9. The yogis and hermits do their ritual and ordinary actions with attention of their minds and senses, and often times with the application of the members and organs of their bodies only, in order to acquire and preserve the purity of their souls.

10. Those who have not subdued their bodies with the morphia of indifference, are employed in the repetition of their actions, without ever being healed of their disease (of anxiety).

11. No person is graceful whose mind is tinged with his selfishness, as no man however learned and wise is held in honour, whose conduct is blemished with unpoliteness and misbehaviours.

12. He who is devoid of his selfishness and egotism, and is alike patient both in prosperity and adversity, is neither affected nor dejected, whether he does his business or not.

13. Know this, O son of Pandu as the best field for your martial action; which is worthy of your great good, glory and ultimate happiness. (War in a just cause is attended with glory).

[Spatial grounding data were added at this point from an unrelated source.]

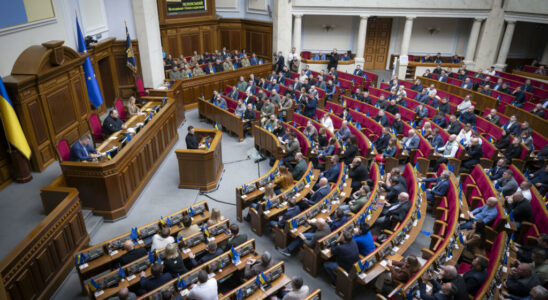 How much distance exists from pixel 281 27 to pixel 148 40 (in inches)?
274

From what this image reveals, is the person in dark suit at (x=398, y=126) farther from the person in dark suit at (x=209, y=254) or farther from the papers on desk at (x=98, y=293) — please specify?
the papers on desk at (x=98, y=293)

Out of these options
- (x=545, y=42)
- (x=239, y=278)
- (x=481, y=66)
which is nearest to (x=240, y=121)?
(x=239, y=278)

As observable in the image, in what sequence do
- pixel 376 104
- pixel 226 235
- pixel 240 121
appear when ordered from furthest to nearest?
pixel 376 104 → pixel 240 121 → pixel 226 235

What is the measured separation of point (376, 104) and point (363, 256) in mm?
7691

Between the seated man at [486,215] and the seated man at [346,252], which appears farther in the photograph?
the seated man at [486,215]

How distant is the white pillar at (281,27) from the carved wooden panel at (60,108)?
1042cm

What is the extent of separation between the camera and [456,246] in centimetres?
579

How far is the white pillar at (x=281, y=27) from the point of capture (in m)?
16.8

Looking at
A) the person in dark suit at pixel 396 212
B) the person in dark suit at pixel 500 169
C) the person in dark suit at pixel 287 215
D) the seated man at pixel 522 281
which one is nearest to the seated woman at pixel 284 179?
the person in dark suit at pixel 287 215

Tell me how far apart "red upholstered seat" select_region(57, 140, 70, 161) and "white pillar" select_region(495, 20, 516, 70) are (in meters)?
18.7

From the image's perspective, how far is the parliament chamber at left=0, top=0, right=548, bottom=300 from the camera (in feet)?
17.0

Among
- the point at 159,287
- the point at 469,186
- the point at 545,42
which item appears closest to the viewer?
the point at 159,287

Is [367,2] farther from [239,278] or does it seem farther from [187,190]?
[239,278]

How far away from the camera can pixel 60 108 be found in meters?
8.84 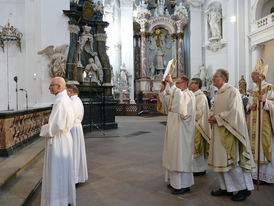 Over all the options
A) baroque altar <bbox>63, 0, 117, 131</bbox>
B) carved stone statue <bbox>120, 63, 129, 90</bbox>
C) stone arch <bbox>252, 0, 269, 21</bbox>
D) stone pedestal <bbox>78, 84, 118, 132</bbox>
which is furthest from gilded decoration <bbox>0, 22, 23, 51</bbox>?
stone arch <bbox>252, 0, 269, 21</bbox>

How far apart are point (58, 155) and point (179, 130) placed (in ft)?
5.75

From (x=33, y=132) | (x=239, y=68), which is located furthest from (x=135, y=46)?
(x=33, y=132)

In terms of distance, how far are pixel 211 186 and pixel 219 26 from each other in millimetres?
18195

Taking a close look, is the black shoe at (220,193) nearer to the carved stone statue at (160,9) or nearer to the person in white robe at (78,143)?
the person in white robe at (78,143)

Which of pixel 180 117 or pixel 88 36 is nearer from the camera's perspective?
pixel 180 117

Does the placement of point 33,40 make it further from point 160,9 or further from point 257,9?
point 160,9

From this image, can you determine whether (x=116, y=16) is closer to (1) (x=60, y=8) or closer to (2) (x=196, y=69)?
(2) (x=196, y=69)

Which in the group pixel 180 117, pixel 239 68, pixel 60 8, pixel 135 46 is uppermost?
pixel 135 46

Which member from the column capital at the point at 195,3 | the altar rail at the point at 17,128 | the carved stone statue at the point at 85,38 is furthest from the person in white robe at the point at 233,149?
the column capital at the point at 195,3

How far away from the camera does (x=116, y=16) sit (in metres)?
21.1

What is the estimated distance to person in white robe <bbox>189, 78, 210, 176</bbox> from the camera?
175 inches

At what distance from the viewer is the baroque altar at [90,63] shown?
9.55 m

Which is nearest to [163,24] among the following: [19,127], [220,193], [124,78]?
[124,78]

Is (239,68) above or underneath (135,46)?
underneath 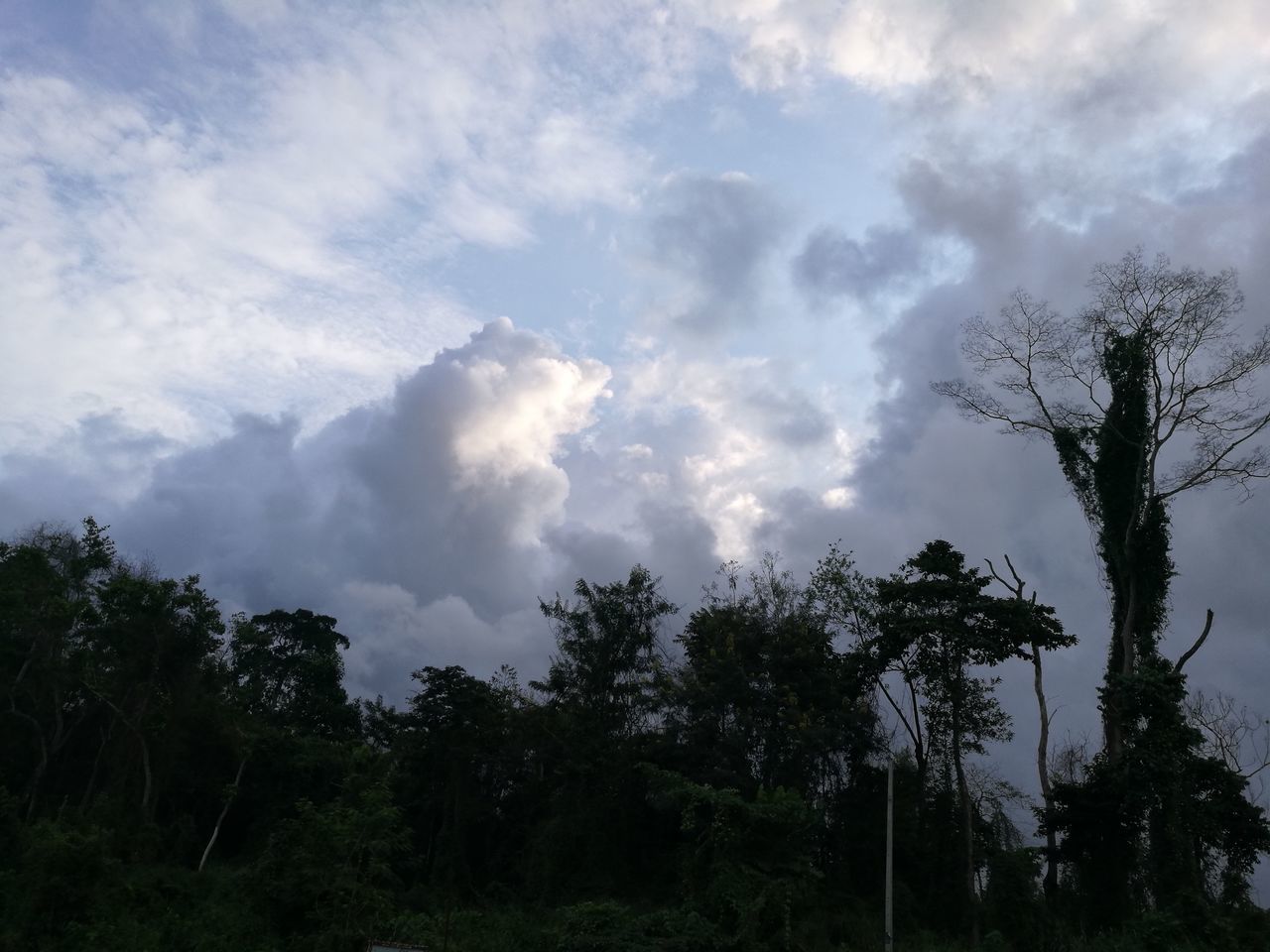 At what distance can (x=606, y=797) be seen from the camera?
34.6m

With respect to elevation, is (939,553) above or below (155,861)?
above

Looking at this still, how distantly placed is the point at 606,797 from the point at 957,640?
13.3 metres

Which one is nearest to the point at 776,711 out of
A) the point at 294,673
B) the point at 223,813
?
the point at 223,813

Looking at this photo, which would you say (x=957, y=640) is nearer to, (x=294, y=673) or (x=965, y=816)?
(x=965, y=816)

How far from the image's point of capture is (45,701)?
39.0 meters

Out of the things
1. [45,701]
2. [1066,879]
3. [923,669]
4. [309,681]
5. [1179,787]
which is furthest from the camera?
[309,681]

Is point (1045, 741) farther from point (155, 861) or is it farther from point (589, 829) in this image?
point (155, 861)

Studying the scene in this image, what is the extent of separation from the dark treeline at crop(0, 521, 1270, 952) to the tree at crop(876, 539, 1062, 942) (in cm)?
9

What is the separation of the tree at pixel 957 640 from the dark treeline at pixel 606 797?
88 millimetres

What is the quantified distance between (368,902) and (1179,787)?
21346 mm

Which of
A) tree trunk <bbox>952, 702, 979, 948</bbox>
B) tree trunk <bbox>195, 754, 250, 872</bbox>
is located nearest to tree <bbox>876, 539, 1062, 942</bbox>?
tree trunk <bbox>952, 702, 979, 948</bbox>

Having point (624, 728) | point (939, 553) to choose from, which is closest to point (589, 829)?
point (624, 728)

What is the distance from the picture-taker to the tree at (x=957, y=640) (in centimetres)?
3156

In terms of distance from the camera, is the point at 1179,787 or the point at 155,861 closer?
the point at 1179,787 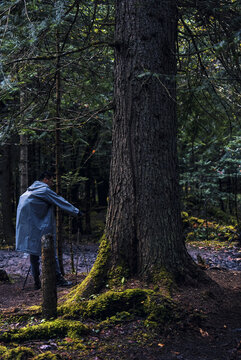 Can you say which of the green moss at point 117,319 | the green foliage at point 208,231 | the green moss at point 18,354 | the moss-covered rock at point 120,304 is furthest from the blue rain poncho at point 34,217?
the green foliage at point 208,231

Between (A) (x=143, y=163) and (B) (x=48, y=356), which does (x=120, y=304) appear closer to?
(B) (x=48, y=356)

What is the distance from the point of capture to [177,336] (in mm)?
3365

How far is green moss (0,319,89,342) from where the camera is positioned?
3.43 metres

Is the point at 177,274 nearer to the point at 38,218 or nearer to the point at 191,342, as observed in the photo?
the point at 191,342

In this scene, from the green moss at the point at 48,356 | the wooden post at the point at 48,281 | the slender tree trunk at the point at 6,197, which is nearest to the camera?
the green moss at the point at 48,356

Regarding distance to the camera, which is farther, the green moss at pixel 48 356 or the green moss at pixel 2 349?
the green moss at pixel 2 349

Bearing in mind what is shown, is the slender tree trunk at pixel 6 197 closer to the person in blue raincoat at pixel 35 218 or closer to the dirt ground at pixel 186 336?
the person in blue raincoat at pixel 35 218

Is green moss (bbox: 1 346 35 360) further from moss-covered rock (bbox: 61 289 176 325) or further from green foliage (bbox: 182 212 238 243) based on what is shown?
green foliage (bbox: 182 212 238 243)

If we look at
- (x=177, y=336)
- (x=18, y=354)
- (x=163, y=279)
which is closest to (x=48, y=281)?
(x=18, y=354)

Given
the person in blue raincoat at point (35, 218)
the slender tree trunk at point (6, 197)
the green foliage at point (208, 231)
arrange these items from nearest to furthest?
the person in blue raincoat at point (35, 218), the green foliage at point (208, 231), the slender tree trunk at point (6, 197)

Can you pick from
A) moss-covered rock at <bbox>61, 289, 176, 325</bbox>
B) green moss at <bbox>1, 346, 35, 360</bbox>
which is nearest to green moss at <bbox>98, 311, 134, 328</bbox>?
moss-covered rock at <bbox>61, 289, 176, 325</bbox>

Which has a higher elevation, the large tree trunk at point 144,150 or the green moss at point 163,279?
the large tree trunk at point 144,150

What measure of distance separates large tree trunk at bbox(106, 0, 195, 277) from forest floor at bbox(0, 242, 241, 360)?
48cm

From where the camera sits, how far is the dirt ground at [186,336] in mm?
3068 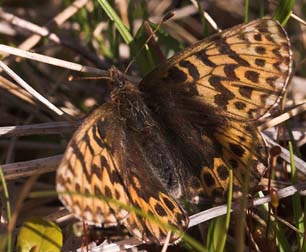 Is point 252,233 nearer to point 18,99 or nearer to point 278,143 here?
point 278,143

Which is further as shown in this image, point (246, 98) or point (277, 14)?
point (277, 14)

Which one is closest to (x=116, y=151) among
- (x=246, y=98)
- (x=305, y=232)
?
(x=246, y=98)

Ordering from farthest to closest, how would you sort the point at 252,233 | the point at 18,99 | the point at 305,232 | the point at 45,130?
1. the point at 18,99
2. the point at 45,130
3. the point at 252,233
4. the point at 305,232

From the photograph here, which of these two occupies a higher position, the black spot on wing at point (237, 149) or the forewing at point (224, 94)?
the forewing at point (224, 94)

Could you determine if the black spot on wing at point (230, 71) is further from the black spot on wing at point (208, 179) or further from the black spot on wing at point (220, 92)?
the black spot on wing at point (208, 179)

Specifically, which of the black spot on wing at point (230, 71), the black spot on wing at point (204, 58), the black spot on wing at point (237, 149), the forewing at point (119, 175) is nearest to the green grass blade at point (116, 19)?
the forewing at point (119, 175)

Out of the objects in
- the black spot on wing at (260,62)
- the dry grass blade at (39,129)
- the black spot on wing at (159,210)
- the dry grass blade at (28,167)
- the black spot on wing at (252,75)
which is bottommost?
the black spot on wing at (159,210)

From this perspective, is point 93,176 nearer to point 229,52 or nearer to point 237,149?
point 237,149

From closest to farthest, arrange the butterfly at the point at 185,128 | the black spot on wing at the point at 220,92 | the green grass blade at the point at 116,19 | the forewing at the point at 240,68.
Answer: the butterfly at the point at 185,128 → the forewing at the point at 240,68 → the black spot on wing at the point at 220,92 → the green grass blade at the point at 116,19

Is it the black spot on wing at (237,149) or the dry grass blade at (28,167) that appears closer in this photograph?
the black spot on wing at (237,149) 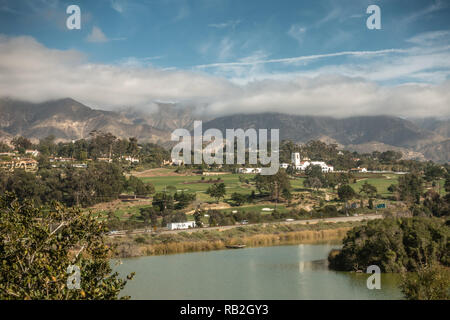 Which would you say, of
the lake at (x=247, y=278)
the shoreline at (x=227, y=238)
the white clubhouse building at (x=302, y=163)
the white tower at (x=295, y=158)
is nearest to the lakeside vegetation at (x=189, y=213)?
the shoreline at (x=227, y=238)

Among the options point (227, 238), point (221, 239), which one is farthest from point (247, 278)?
point (227, 238)

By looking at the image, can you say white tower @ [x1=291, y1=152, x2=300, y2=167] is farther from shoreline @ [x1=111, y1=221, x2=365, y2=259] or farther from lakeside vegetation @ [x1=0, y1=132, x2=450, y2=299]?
shoreline @ [x1=111, y1=221, x2=365, y2=259]

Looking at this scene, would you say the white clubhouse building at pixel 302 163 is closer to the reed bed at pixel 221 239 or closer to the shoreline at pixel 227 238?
the shoreline at pixel 227 238

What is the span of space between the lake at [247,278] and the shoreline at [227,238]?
8.87 feet

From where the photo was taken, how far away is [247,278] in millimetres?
29875

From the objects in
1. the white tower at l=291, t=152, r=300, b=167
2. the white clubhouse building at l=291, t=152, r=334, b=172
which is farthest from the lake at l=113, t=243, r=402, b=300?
the white tower at l=291, t=152, r=300, b=167

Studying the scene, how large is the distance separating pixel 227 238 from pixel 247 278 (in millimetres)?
19421

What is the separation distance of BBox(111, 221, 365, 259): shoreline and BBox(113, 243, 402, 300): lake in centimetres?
270

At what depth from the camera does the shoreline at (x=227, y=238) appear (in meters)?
43.5

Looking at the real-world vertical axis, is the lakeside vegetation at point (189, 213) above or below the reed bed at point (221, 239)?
above

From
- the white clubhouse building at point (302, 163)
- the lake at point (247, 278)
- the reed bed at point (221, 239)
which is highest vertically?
the white clubhouse building at point (302, 163) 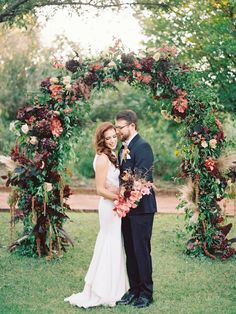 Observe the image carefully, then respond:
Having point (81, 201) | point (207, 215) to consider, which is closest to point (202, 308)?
point (207, 215)

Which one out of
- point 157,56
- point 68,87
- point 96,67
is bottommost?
point 68,87

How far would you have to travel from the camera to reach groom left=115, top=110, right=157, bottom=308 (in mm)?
5961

14. Though you reckon it as heinous on the one hand and unrighteous on the other; yet you must acknowledge the super excellence and imperiousness of the duties required of your martial race, so do your duty and immortalize yourself.

15. Seeing even the ignorant stick fast to the proper duties of their race, no intelligent person can neglect or set them at naught; and the mind that is devoid of vanity, cannot be ashamed or dejected, even if one fails or falls in the discharge of his duty.

16. Do you duty, O Arjuna, with your yoga or fixed attention to it, and avoid all company (in order to keep company with the object of your pursuit only). If you do your works as they come to you by yourself alone, you will never fail nor be foiled in any. i.e. thy object thou canst never gain, unless from all others you refrain.

17. Be as quiet as the person of Brahma, and do your works as quietly as Brahma does leave his result (whether good or bad) to Brahma (because you can have no command over the consequence), and by doing so, assimilate thyself into the nature of Brahma (who is all in all).